Michele Nardelli, 14 febbraio 2010
Il problema della politica è quello di saper capitalizzare i saperi e le esperienze e, al tempo stesso, di innovare il pensiero.
Non è semplicemente quello di avere baldi giovani pronti a sostituire chi ha già dato, ma di trasmettere conoscenza, spirito critico, senso di responsabilità.
Insomma, c’è rinnovamento solo se siamo capaci di far tesoro del passato. Anche perché se questa terra è stata ed è diversa, lo si deve al fatto di essere stata, nel tempo, luogo di avanzata sperimentazione sociale, culturale e politica. Lo è stata per l’autonomia, un terreno nel quale ci si è dovuti immaginare scenari inediti per trasformare una situazione di conflitto acuto in opportunità, a partire dalla genialità di quella mezza paginetta che va sotto il nome di “Accordo Degasperi Gruber” e da quell’“ancoraggio internazionale” che l’ha resa una partita dinamica. Potremmo dire lo stesso per la sua organizzazione sociale, grazie ad una storia dove il concetto di proprietà collettiva è diventato la cifra di un modello economico capace di sfuggire alla contrapposizione “stato-mercato”. Penso a quel che hanno significato gli anni ’60 nella capacità di interpretare le grandi spinte al rinnovamento culturale e politico o, negli anni successivi, nello sperimentare forme del tutto originali di organizzazione politica. Allo stesso modo, non credo sia affatto casuale che questa nostra terra abbia saputo non omologarsi alle dinamiche dello spaesamento e della paura.
Una diversità che rappresenta un patrimonio straordinario, ma che richiede di essere un corpo vivo capace di interrogarsi sui nuovi scenari, pena l’isterilirsi della retorica e l’omologazione nello spirito del tempo. Che oggi non aiuta. Mi guardo attorno e dico molto serenamente che non c’è luogo in Trentino che non si debba interrogare sulla propria in/adeguatezza. La ricchezza dei palazzi stride spesso con la miseria delle idee.
Oltretutto, non ce lo possiamo nemmeno permettere.
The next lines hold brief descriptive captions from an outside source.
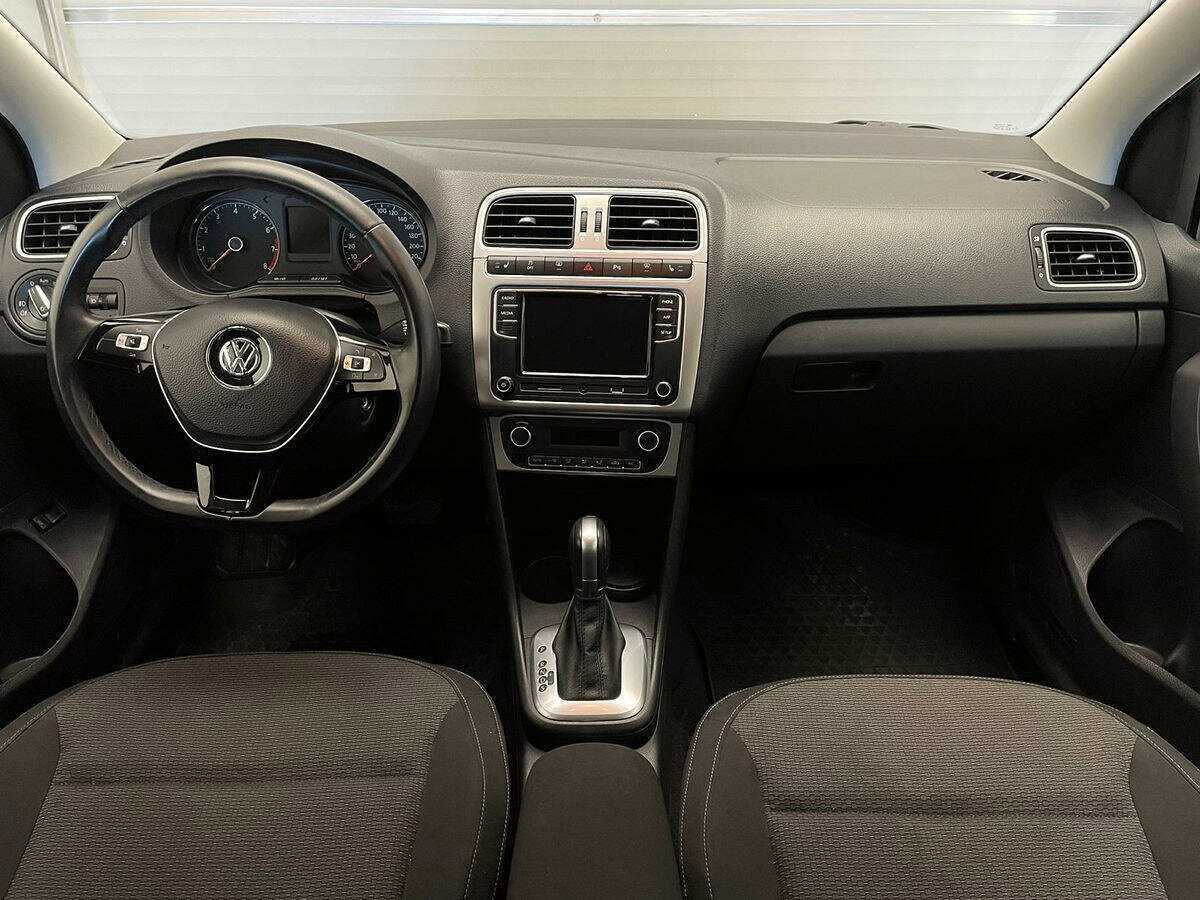 Volkswagen Polo, 2018 Фото №9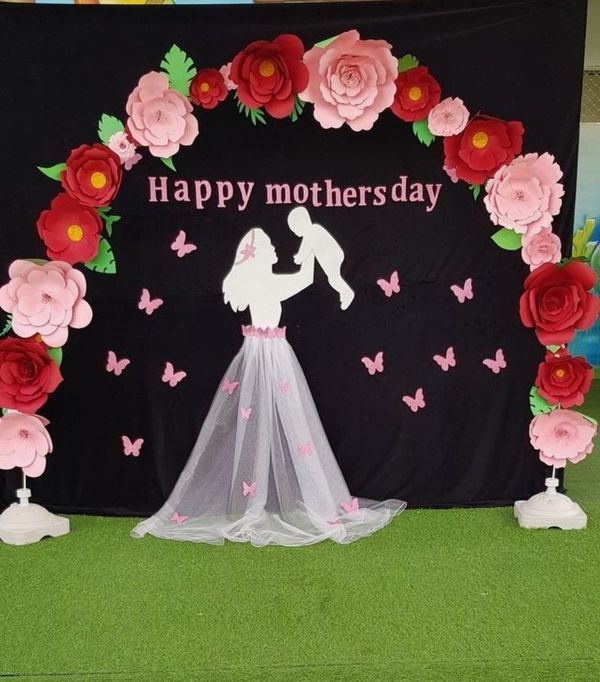 Decoración con flores rojas y rosadas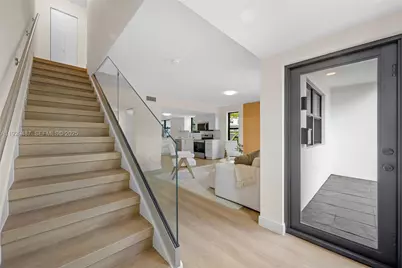 7994 Crespi Blvd #7994, Miami Beach, FL 33141 - Photo 9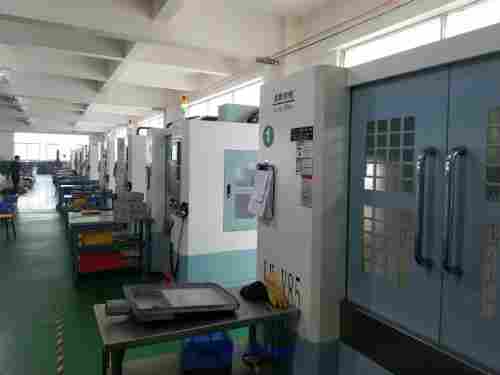 Offer rapid prototyping, CNC machining, rapid tooling & injection mold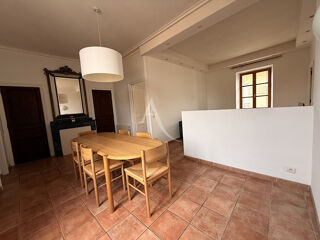  Appartement à louer 4 pièces 113 m²
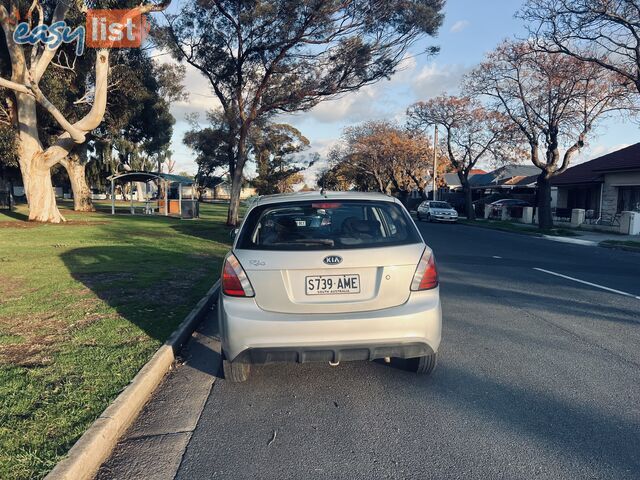 2011 KIA RIO S 5 SP MANUAL 5D HATCHBACK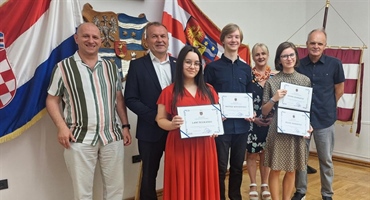 Ozana, Lana i Matej osvojili čak četiri medalje na međunarodnim natjecanjima - nagrade im uručio župan Stričak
La crisi generale e quella di alcune delle più importanti filiere produttive di questa terra sono lì a dirci che “qualità e innovazione”, parole ormai abusate, non s’inventano da un giorno all’altro e che per questo si deve investire sul sapere, sull’apertura al mondo nella consapevolezza dell’interdipendenza, sull’intelligenza critica piuttosto che sulla “fedeltà”.
E poi sul senso di comunità e di responsabilità. Si è detto che un tempo c’erano i luoghi della formazione civica, sociale e politica, quei corpi intermedi (partiti, sindacati, grandi associazioni di massa…) che selezionavano le nuove classi dirigenti. Ma c’era dell’altro, un contesto culturale nel quale – per dirla con Fabrizio De Andrè – “si era lo stesso coinvolti”. Non servivano grandi mezzi. Ho un vivo ricordo di quei pochi metri quadrati a piano terra di Palazzo Giulia a Trento, dove c’era la sede dei lavoratori metalmeccanici e dove i pensieri si trasformavano in tempo reale in azione sociale e scuola di vita. Una vecchia macchina da scrivere e un ciclostile manuale, un piccolo impianto di amplificazione (le trombe, come si diceva allora) e una voce, quella di Giuseppe Mattei, giovani operai che avevano forse il diploma di avviamento professionale ma che conoscevano a menadito il ciclo produttivo della loro azienda multinazionale, luoghi in cui si formava una classe dirigente. Che abisso rispetto al “non nel mio giardino”…
Fa bene dunque Alberto Faustini nell’editoriale di domenica scorsa a sferzare la nostra comunità affinché s’interroghi sui processi da mettere in campo per favorire il ricambio generazionale. Ma non credo sia solo una questione anagrafica. Credo che questo processo debba corrispondere alla necessità di mettere mano agli strumenti interpretativi, alla capacità di mettere a fuoco quel che avviene, indagando sul significato delle parole che usiamo e che hanno smesso da tempo di comunicare alla mente e al cuore delle persone, ricostruendo un nuovo abbecedario.
E’ questa la responsabilità che deve avere la politica, anziché rincorrere gli avvenimenti e la ricerca del consenso ad ogni costo. Ed è anche la responsabilità che avverto in prima persona, come parte di una generazione che ha sequestrato il proprio tempo senza avere il coraggio di darsi la necessaria distanza per elaborare e trasmettere quel che, nel bene e nel male, gli anni ci hanno insegnato.